Dispensa de custas processuais nos embargos de divergência em matéria penal
Ao analisar os jugados da Corte Especial, no que se refere à necessidade de pagamento de custas para o processamento de embargos de divergência em matéria penal, constata-se que a questão tem sido solucionada de formas díspares. Em julgamento recente, a Corte Especial reiterou entendimento pela obrigatoriedade de recolhimento das custas em embargos de divergência em matéria penal. A Lei n. 11.636/2007, que dispõe sobre as custas judiciais devidas no âmbito do Superior Tribunal de Justiça, prevê: "Art. 7.º Não são devidas custas nos processos de habeas data, habeas corpus e recursos em habeas corpus, e nos demais processos criminais, salvo a ação penal privada.". Por sua vez, a Resolução STJ/GP n. 2 de 1.º de fevereiro de 2017, repetindo a norma legal, dispõe: "Art. 3.º Haverá isenção do preparo nos seguintes casos: I - nos habeas data, habeas corpus e recursos em habeas corpus; II - nos processos criminais, salvo na ação penal privada e sua revisão criminal; [...]". Entretanto, em se tratando de recurso em matéria penal, a interpretação da norma processual que deve prevalecer é aquela mais consentânea com o direito à ampla defesa e ao contraditório. Com efeito, a Lei de regência não fala de isenção para recursos apenas de natureza exclusivamente penal. A norma de isenção de preparo se refere a processos criminais. No caso, não há dúvida de que os embargos de divergência, embora não sejam previstos na legislação processual penal, são inquestionavelmente cabíveis e foram manejados dentro de um processo criminal, razão pela qual deve ser inexigível o pagamento de custas processuais.
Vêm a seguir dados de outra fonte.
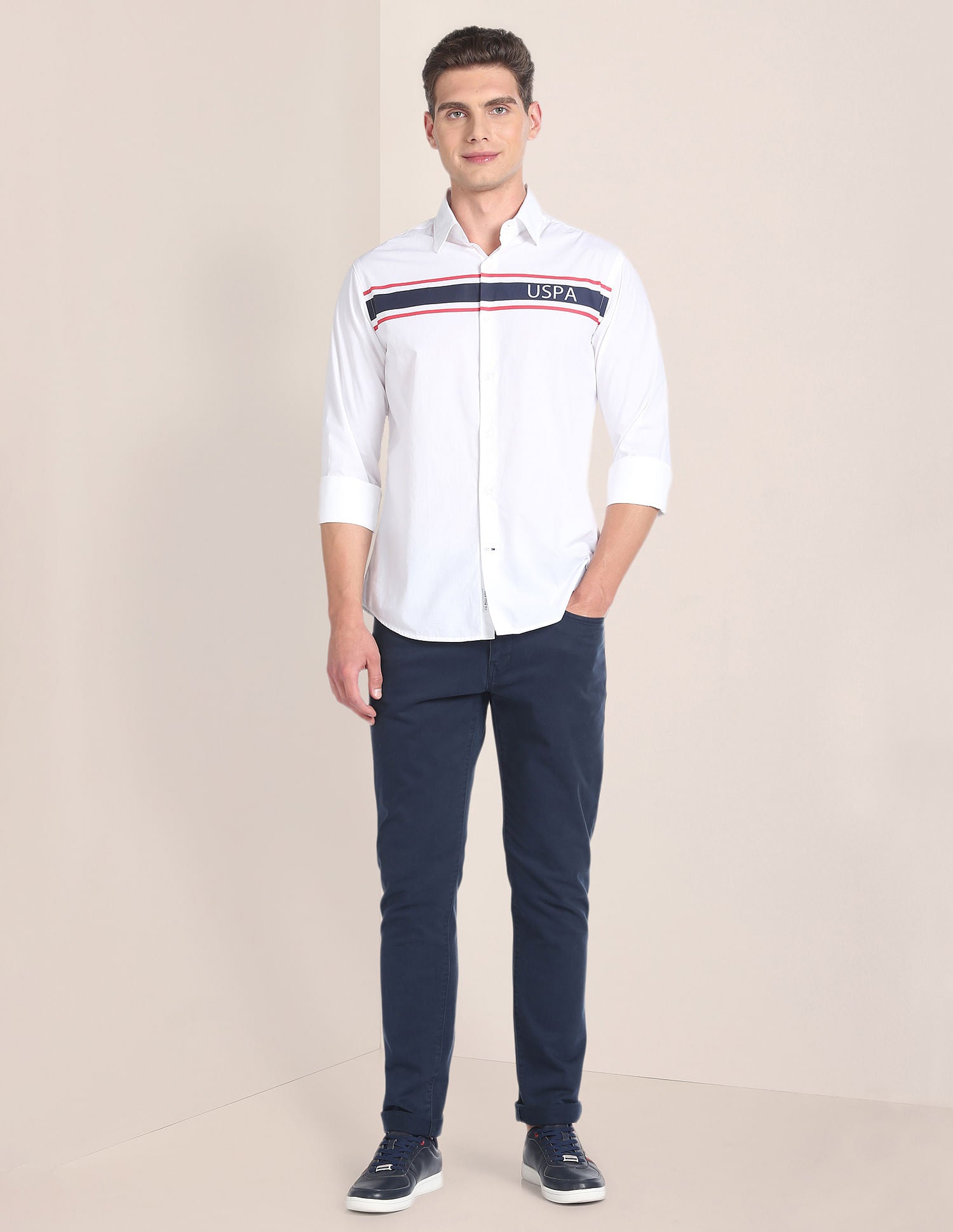 Horizontal Stripe Cotton Shirt White - U.S. POLO ASSN. | Large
Registra-se, ademais, que a despeito de também ter havido decisões discrepantes no âmbito da Terceira Seção, a questão foi amplamente rediscutida, tendo decidido aquele Colegiado, à unanimidade, pela inexigibilidade de pagamento de custas processuais em embargos de divergência oriundos de ação penal pública.
Multa e honorários do art 523 §1º CPC em crédito extraconcursal na recuperação judicial
A multa e os honorários advocatícios previstos no art. 523, § 1º, do CPC/2015 somente incidem sobre o valor da condenação nas hipóteses em que o executado não paga voluntariamente a quantia devida estampada no título judicial no prazo de 15 dias. Nos termos do art. 49, caput, da Lei n. 11.101/2005, estão sujeitos à recuperação judicial todos os créditos existentes na data do pedido (ainda que não vencidos), sendo certo que a aferição da existência ou não do crédito deve levar em consideração a data da ocorrência de seu fato gerador (fonte da obrigação). Na hipótese, contudo, ressai que o crédito em discussão possui caráter extraconcursal, não se sujeitando, desse modo, aos efeitos do plano de soerguimento. Sucede que, nos termos do art. 59, caput, da LFRE, tão somente as dívidas da recuperanda sujeitas ao plano de soerguimento (créditos concursais) necessitam, em obediência à sistemática própria da lei de regência, ser adimplidas de acordo com as condições nele pactuadas. As obrigações não atingidas pela recuperação judicial, consequentemente, devem continuar sendo cumpridas normalmente pela devedora, uma vez que os créditos correlatos estão excluídos do plano e de seus efeitos. Dessa forma, a recuperanda não está impedida de satisfazer voluntariamente créditos extraconcursais perseguidos em execuções individuais, de modo que as consequências jurídicas previstas na norma do dispositivo precitado devem incidir quando não pago o montante devido. Não é, portanto, defeso à recuperanda dispor de seu acervo patrimonial para pagamento de créditos extraconcursais (observada a exceção do art. 66 da LFRE), uma vez recebida a comunicação do juízo do soerguimento para depósito da quantia objeto da execução, deve passar a correr o prazo de 15 dias estabelecido no art. 523, caput, do CPC/2015.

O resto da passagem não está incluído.